## What you should do:
Once you find the line containing "Oficina comercial ·" in the data below, copy it and each following line exactly, up to and including the line containing "11304 LEPRECHAUN DRIVE Riverview, FL 33569", and nothing else.

[[ Data for review, beginning ]]

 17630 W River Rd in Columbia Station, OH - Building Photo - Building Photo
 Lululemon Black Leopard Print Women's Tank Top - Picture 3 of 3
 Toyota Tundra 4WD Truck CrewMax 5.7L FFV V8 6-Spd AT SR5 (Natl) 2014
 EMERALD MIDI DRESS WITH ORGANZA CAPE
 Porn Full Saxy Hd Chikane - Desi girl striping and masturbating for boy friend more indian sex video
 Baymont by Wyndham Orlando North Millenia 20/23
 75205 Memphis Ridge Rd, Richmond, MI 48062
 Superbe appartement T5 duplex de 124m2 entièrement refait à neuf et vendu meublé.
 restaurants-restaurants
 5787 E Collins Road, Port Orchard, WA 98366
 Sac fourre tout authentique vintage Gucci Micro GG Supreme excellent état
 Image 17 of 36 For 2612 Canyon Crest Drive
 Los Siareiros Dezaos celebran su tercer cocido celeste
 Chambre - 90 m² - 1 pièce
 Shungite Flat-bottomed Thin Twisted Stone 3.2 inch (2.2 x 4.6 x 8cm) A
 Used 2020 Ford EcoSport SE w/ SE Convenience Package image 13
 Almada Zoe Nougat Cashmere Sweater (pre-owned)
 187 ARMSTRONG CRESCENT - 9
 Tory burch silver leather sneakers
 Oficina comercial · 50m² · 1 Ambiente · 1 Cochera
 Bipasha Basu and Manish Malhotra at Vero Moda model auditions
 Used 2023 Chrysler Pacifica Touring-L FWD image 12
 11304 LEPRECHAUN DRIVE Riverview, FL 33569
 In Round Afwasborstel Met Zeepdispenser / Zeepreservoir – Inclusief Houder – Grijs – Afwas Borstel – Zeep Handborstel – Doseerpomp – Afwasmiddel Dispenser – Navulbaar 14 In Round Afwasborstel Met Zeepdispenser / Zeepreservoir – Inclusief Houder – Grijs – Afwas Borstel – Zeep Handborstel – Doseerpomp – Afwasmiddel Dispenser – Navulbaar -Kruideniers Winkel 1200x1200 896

[[ Data for review, end ]]

## Response below:
 Oficina comercial · 50m² · 1 Ambiente · 1 Cochera
 Bipasha Basu and Manish Malhotra at Vero Moda model auditions
 Used 2023 Chrysler Pacifica Touring-L FWD image 12
 11304 LEPRECHAUN DRIVE Riverview, FL 33569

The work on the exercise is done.